The protection of children’s rights is the principal achievement on the Sustainable Development Goals (SDGs) 2030 Agenda. Emphasis has always been on the promotion and respect of children’s rights. Since the SDGs are grounded in a child rights-based approach, the University of the Free State (UFS) Social Work students – by engaging in a multi-disciplinary methodology – involve all the relevant stakeholders in their Engaged Teaching and Learning service-learning module project. 

The social partners, which included the South African Police Service (Child Protection Unit), the Department of Social Development, the Department of Home Affairs, the Department of Health, faith-based organisations, and other children’s advocacy agents, were involved from inception until the apex launch of the project. 

Access to basic human rights

In their exit level, fourth-year Social Work students participate in community work practicums, which incorporates the theoretical development process in adherence to the objectives of their community work. The initial phase of the project involved the situation analysis exercise, which the students implemented through collaboration with the Rekgonne Primary School action committee. 

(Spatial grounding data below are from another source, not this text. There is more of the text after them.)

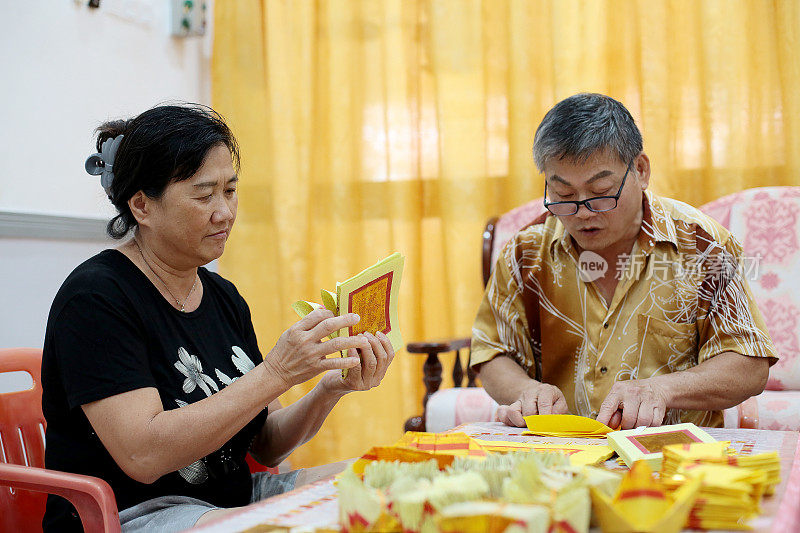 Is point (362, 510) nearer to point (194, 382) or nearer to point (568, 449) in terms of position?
point (568, 449)

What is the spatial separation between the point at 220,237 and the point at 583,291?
2.76 ft

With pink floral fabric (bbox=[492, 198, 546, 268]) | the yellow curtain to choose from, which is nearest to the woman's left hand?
pink floral fabric (bbox=[492, 198, 546, 268])

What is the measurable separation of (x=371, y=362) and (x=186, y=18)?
2.36 m

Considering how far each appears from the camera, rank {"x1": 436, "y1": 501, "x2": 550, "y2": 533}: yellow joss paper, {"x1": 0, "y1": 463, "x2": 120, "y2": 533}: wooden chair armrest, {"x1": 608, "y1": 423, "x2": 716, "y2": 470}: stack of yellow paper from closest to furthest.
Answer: {"x1": 436, "y1": 501, "x2": 550, "y2": 533}: yellow joss paper, {"x1": 608, "y1": 423, "x2": 716, "y2": 470}: stack of yellow paper, {"x1": 0, "y1": 463, "x2": 120, "y2": 533}: wooden chair armrest

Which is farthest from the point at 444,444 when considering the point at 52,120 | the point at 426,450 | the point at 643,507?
the point at 52,120

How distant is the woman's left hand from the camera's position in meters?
1.44

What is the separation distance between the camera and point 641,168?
1662 millimetres

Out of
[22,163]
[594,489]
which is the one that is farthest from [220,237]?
[22,163]

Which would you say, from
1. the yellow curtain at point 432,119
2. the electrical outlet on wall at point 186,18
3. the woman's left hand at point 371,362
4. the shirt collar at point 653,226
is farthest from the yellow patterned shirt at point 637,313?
the electrical outlet on wall at point 186,18

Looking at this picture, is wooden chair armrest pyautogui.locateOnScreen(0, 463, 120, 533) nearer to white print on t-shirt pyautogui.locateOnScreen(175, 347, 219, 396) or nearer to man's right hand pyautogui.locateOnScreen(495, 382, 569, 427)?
white print on t-shirt pyautogui.locateOnScreen(175, 347, 219, 396)

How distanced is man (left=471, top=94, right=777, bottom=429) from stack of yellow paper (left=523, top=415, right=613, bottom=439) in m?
0.09

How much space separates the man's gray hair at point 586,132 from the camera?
1.56m

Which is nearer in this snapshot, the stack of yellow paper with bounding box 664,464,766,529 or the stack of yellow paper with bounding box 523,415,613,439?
the stack of yellow paper with bounding box 664,464,766,529

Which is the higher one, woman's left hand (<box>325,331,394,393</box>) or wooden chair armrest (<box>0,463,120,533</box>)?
woman's left hand (<box>325,331,394,393</box>) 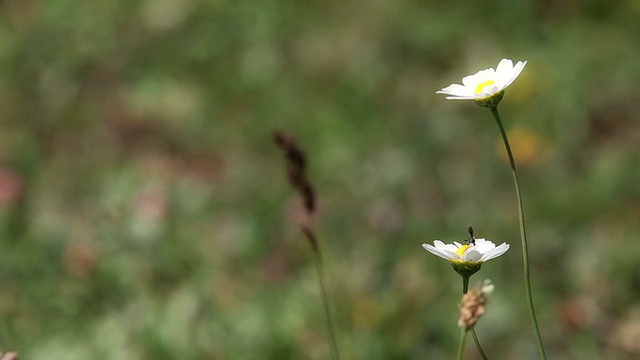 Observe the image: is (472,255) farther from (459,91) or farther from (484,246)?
(459,91)

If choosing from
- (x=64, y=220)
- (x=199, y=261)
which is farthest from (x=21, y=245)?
(x=199, y=261)

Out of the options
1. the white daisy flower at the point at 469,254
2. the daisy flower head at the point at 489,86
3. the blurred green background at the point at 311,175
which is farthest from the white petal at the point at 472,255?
the blurred green background at the point at 311,175

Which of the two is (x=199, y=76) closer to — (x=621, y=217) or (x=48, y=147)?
(x=48, y=147)

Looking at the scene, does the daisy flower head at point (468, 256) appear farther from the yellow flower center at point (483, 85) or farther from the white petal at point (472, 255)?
the yellow flower center at point (483, 85)

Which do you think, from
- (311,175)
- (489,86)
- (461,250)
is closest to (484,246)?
(461,250)

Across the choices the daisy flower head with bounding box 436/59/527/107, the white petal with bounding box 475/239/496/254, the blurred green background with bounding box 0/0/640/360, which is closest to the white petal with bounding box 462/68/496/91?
the daisy flower head with bounding box 436/59/527/107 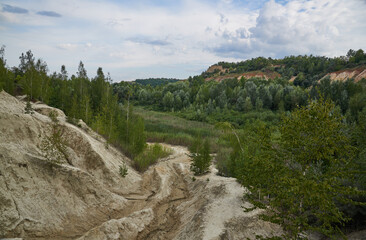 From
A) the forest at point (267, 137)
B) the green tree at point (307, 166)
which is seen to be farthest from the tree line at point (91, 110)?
the green tree at point (307, 166)

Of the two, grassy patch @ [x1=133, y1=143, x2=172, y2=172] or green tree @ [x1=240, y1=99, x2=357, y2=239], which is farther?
grassy patch @ [x1=133, y1=143, x2=172, y2=172]

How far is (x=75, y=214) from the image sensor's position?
12.0 meters

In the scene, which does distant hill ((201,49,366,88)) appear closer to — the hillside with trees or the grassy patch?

The outcome of the survey indicated that some learners were exposed to physical and sexual abuse. It was also found that they did not have access to basic human rights such as education, health care, and social grants due to the absence of the required legal documents. From the interactive discussions that took place during the launch, it emerged that some children do not have birth certificates required for school registration and access to social grants. 

Through the students’ community project, a platform was created where important skills and information could be shared among all important role players (who are in different professions and guardians of children’s human rights). It is believed that since learners are spending more hours in school, educators would be the primary detectors to notice signs of negligence and potentially adverse circumstances among their learners.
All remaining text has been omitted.